Le second marché du numérique : une « occasion » qui dérange les droits d’auteur

La Cour de justice européenne a précisé, dans un arrêt du 3 juillet 2012, que
le droit de distribution d’un logiciel est épuisé après téléchargement payant
et sans limitation de durée. Le logiciel peut alors être revendu « d’occasion ».
Cette solution pourrait s’appliquer aux musiques, aux films ou aux livres.

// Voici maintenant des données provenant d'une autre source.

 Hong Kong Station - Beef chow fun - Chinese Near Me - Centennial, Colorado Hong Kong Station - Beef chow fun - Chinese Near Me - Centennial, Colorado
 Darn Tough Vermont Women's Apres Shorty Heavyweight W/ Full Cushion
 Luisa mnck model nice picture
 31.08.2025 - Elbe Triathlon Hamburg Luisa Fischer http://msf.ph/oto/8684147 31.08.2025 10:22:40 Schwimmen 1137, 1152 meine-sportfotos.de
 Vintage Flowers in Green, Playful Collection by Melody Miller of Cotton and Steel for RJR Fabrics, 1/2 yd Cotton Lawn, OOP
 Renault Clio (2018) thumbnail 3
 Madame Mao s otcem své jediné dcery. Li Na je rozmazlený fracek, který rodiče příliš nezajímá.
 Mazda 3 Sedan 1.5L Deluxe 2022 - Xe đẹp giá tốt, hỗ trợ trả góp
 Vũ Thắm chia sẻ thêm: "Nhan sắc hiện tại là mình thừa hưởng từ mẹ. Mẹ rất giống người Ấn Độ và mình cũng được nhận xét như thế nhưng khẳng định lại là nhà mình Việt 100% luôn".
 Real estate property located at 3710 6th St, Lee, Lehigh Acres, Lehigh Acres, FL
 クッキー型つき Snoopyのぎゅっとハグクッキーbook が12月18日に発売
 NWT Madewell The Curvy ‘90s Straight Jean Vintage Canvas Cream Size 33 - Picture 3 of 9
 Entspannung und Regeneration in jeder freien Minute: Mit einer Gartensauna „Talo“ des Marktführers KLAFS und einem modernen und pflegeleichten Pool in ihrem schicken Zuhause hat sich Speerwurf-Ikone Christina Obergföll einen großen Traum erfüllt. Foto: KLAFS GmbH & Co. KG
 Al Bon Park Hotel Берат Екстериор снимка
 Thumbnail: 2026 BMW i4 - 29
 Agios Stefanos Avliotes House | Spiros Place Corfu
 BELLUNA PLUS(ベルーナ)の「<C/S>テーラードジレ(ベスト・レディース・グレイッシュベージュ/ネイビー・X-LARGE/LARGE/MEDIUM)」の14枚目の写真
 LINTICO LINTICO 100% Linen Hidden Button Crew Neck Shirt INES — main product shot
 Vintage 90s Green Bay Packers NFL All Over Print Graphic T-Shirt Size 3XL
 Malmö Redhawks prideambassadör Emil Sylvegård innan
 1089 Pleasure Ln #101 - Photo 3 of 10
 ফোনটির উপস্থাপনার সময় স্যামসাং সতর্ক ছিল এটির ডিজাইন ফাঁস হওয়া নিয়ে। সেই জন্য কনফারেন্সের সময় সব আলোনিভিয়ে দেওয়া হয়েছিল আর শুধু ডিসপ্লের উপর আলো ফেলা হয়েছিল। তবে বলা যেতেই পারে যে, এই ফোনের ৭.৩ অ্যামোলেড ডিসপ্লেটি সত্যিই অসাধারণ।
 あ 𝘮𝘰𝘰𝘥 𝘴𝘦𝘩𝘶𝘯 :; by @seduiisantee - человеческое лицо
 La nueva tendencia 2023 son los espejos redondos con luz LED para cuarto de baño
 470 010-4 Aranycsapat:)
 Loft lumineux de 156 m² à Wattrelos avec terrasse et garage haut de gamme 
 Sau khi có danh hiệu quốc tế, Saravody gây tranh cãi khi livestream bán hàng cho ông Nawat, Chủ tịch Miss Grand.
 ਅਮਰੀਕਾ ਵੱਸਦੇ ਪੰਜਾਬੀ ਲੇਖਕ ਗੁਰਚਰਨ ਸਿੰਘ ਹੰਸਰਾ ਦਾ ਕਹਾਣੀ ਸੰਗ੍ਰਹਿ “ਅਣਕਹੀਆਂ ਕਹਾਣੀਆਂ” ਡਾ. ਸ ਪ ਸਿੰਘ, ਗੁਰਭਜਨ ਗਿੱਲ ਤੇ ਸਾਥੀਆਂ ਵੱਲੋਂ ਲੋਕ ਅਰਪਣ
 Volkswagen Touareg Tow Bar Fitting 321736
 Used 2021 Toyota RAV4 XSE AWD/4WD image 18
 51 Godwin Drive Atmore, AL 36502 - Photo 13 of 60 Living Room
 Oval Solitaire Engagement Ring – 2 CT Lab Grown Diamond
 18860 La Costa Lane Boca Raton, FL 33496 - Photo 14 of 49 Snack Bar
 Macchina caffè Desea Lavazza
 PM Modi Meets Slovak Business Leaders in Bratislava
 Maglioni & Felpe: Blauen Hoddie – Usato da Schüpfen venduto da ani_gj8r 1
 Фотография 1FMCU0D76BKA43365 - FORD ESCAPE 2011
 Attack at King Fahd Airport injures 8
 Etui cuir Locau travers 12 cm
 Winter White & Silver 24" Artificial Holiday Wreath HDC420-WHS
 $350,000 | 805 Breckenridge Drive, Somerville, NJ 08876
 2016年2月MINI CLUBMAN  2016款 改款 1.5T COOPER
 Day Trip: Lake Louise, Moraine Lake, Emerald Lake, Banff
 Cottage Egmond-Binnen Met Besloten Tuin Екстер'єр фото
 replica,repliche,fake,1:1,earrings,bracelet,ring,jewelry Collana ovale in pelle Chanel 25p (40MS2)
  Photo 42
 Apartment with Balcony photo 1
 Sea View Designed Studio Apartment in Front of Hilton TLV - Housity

Par Claude-Etienne Armingaud, avocat (photo), et Etienne Drouard, associé, cabinet K&L Gates

Dans le cadre de son interprétation de l’article 4.2 de la directive européenne dite « Logiciels », sur la protection juridique des programmes d’ordinateur (1), la Cour de
justice de l’Union Européenne (CJUE) considère le droit
de distribution comme étant épuisé, lorsque le titulaire des droits d’auteur a concédé à un licencié le droit d’utiliser une copie sans limitation de durée, que cette copie soit matérielle ou numérique.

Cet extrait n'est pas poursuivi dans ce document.